» **What to produce**
The entries below are to be copied exactly, with every picture left out.

── Input for this task

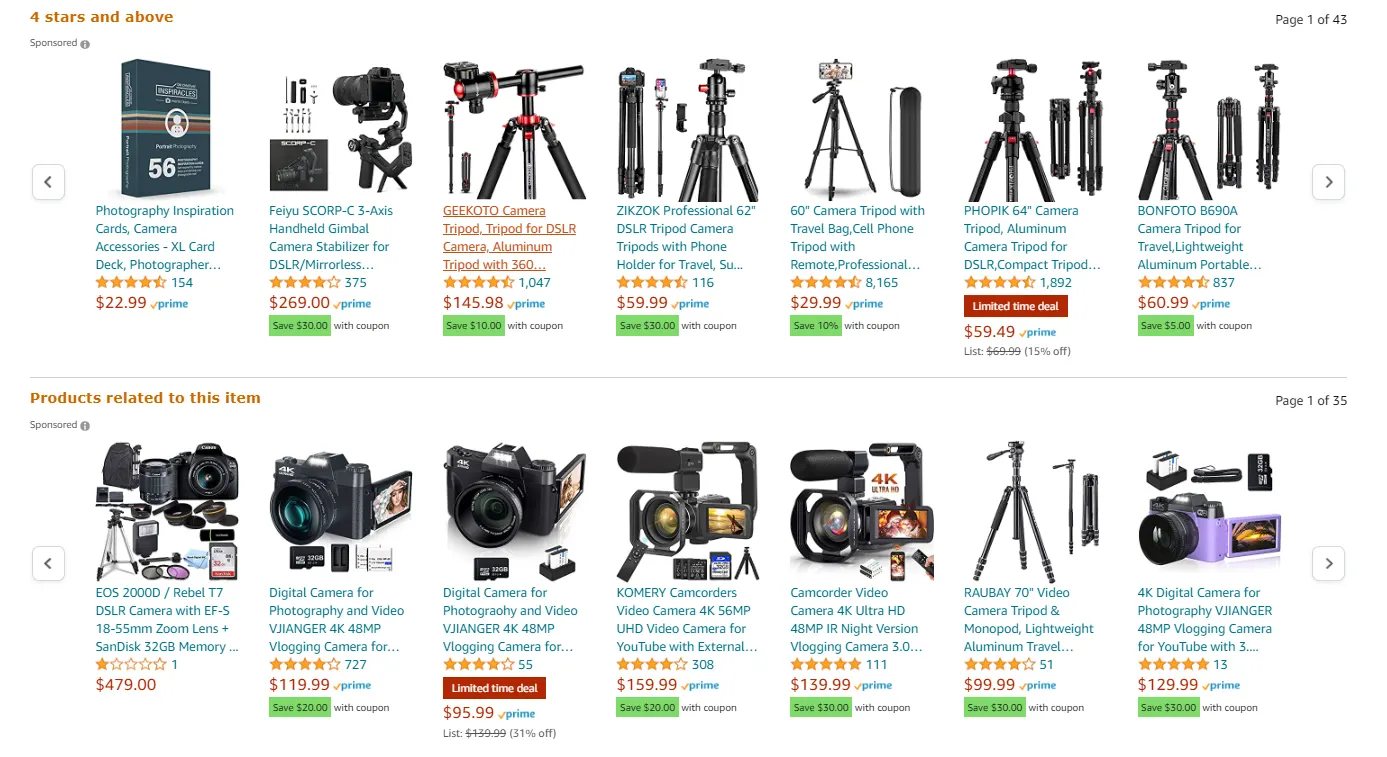 Monitech DSLR Cameras 33MP Digital Camera FHD 1080P Video Camera Auto-Focus Digital Cameras for Photography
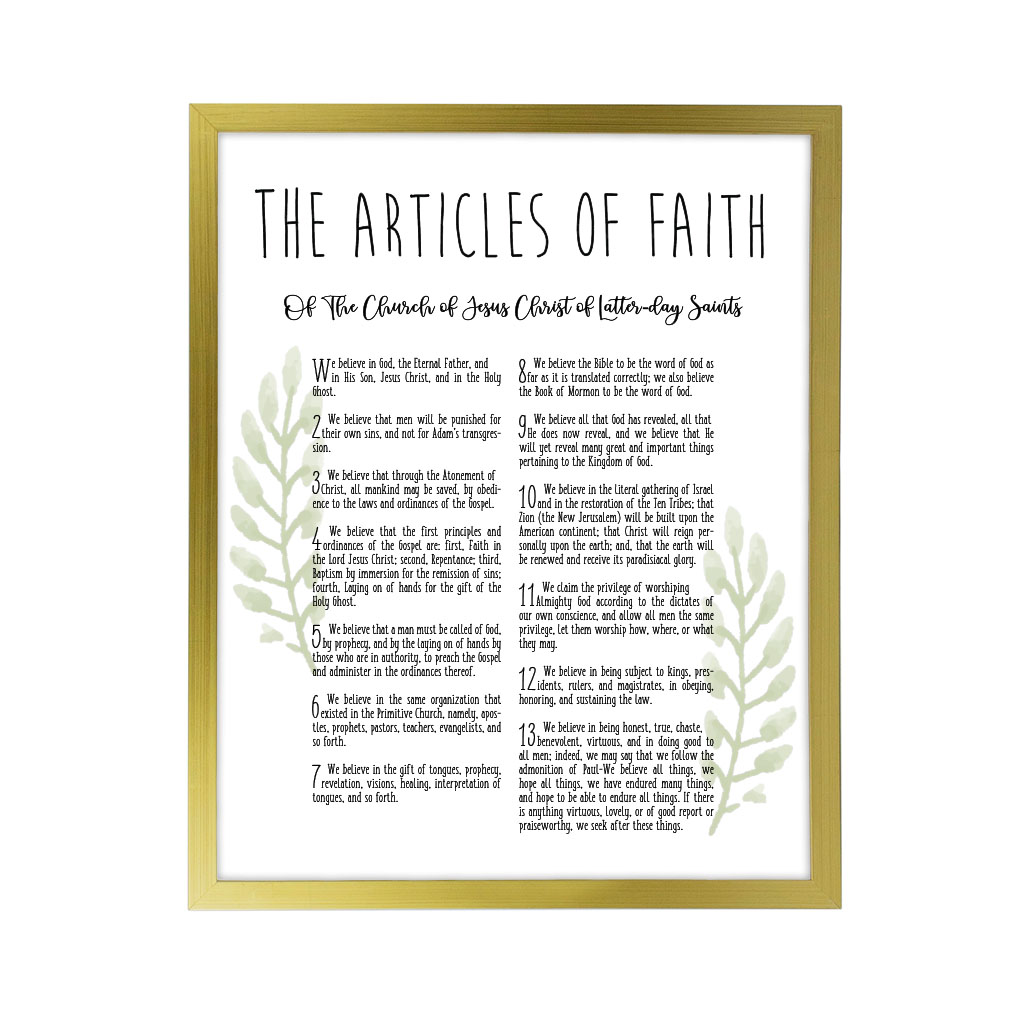 Framed Laurel Articles of Faith - Gold - LDP-FR-ART-AOF-LAUREL-GLD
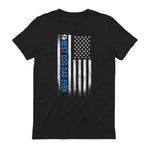 Best Dog Dad Ever American Flag T-Shirt Gift for Best Father in Black - back view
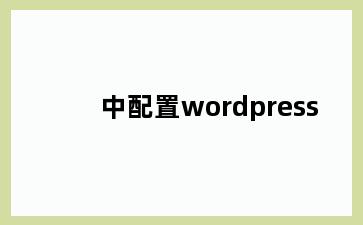 中配置wordpress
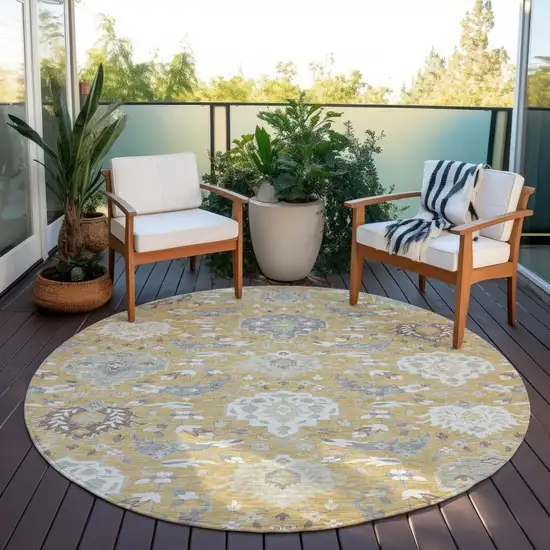 8' Gold Ivory And Gray Round Damask Washable Indoor Outdoor Area Rug Photo 7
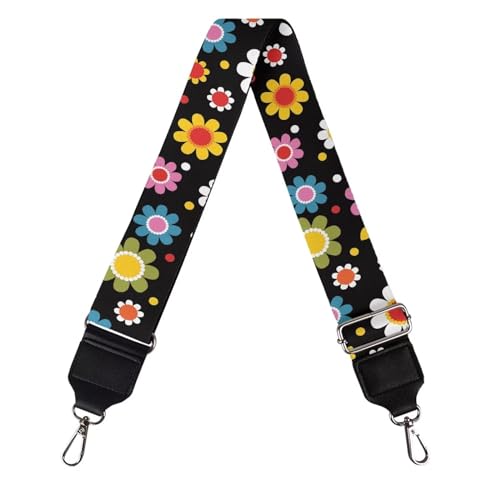 Image of TODIYADDU Colorful Hippie Flower Bag Straps Replacement Crossbody Daisy Floral Wide Shoulder Strap for Women Students Office Workers Suitable for Crossbody Bag Handbag Computer Bag Guitar Nice Gifts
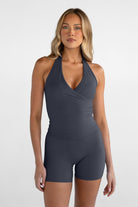 Sculpt Halter Neck Tank - Ash - LEELO ACTIVE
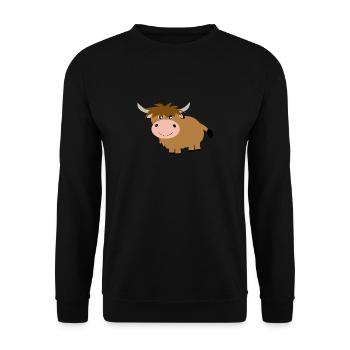 Bovins écossais Highland - Sweat-shirt Unisexe - noir - Devant - Alina (178cm) & Michal (187cm)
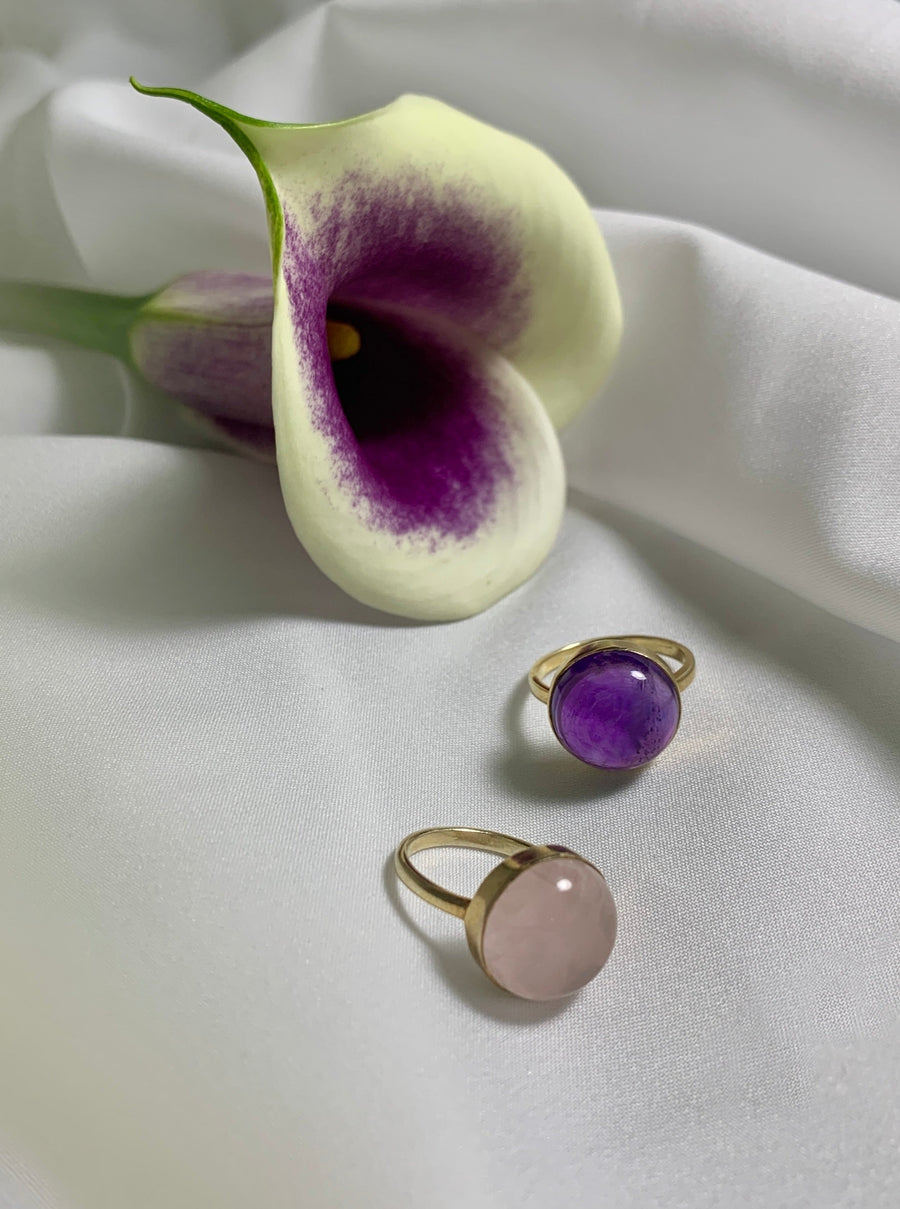 Rose quartz (gold): moon walk ring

────

» **Result of the task**
 Monitech DSLR Cameras 33MP Digital Camera FHD 1080P Video Camera Auto-Focus Digital Cameras for Photography
 Framed Laurel Articles of Faith - Gold - LDP-FR-ART-AOF-LAUREL-GLD
 Best Dog Dad Ever American Flag T-Shirt Gift for Best Father in Black - back view
 中配置wordpress
 8' Gold Ivory And Gray Round Damask Washable Indoor Outdoor Area Rug Photo 7
 Image of TODIYADDU Colorful Hippie Flower Bag Straps Replacement Crossbody Daisy Floral Wide Shoulder Strap for Women Students Office Workers Suitable for Crossbody Bag Handbag Computer Bag Guitar Nice Gifts
 Sculpt Halter Neck Tank - Ash - LEELO ACTIVE
 Bovins écossais Highland - Sweat-shirt Unisexe - noir - Devant - Alina (178cm) & Michal (187cm)
 Rose quartz (gold): moon walk ring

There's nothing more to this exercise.